NYPMIFA (or “Act”), effective September 17, 2010, is a modified version of the Uniform Prudent Management of Institutional Funds Act (“UPMIFA”). This Advisory will provide a summary of the Act’s highlights and provide Action Items for compliance by affected organizations and their governing boards.

The Act in a Nutshell

  1. NYPMIFA creates a new standard of conduct for managing and investing institutional funds (other than quasi or board-mandated endowments); and
  2. Provides institutions with more flexibility in spending from endowment funds, subject to certain factors.

1. Removes prohibition against spending below historic dollar value (“HDV”) unless the donor directs otherwise.
2. Requires institutions to notify available donors of pre-September 17, 2010 gifts of new spending rules and right to opt out.

Managing and Investing Institutional Funds Under NYPMIFA

As with UPMIFA, NYPMIFA requires governing boards to manage and invest a fund “in good faith and with the care, an ordinarily prudent person would exercise under similar circumstances.” The Act provides specific factors for investing in a prudent manner.
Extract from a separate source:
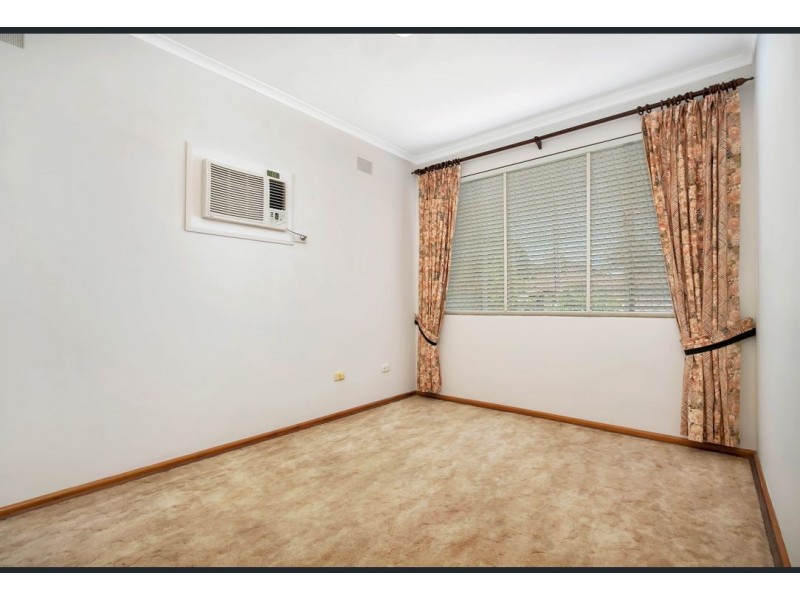 34 Buckingham Drive, Salisbury East SA 5109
Now, when investing, governing boards are required to consider the following factors:

  • general economic conditions;
  • possible effect of inflation or deflation;
  • expected tax consequences;
  • the role that each investment or course of action plays within the overall portfolio of the fund;
  • expected total return from the income and appreciation of investments;
  • other resources of the organization;
  • the needs of the organization and the fund to make distributions and preserve capital; and
  • an asset’s special relationship or special value to the organization’s purposes.

The Act also requires that a fund’s investments be diversified unless the governing board can justify non-diversification under special circumstances. A decision for non-diversification must be reviewed at least annually.

Finally, institutions may delegate the management and investment of an institutional fund to outside managers or investment advisors, unless doing so is restricted by a gift instrument. Such delegation must be done prudently.

Action Items:  (1) Governing boards should create or update written investment policies to comply with NYPMIFA; (2) governing boards should be educated on the new prudence standard for investing; and (3) clear and accurate minutes should be kept by governing boards detailing how each factor was considered when making an investment decision.

Spending from Endowment Funds under NYPMIFA

A. New spending rules

As mentioned above, under NYPMIFA, institutions are no longer subject to the HDV limitation. Now, they may spend as much of the endowment fund, including principal, as the governing board finds prudent, after considering the following 8 factors:

  • the duration and preservation of the endowment fund;
  • purposes of the organization and the fund;
  • general economic conditions;
  • possible effect of inflation or deflation;
  • expected total return from income and appreciation of investments;
  • other resources of the organization;
  • the organization’s investment policy;
  • where appropriate, alternatives to spending from the endowment fund and possible effects of those alternatives on the organization.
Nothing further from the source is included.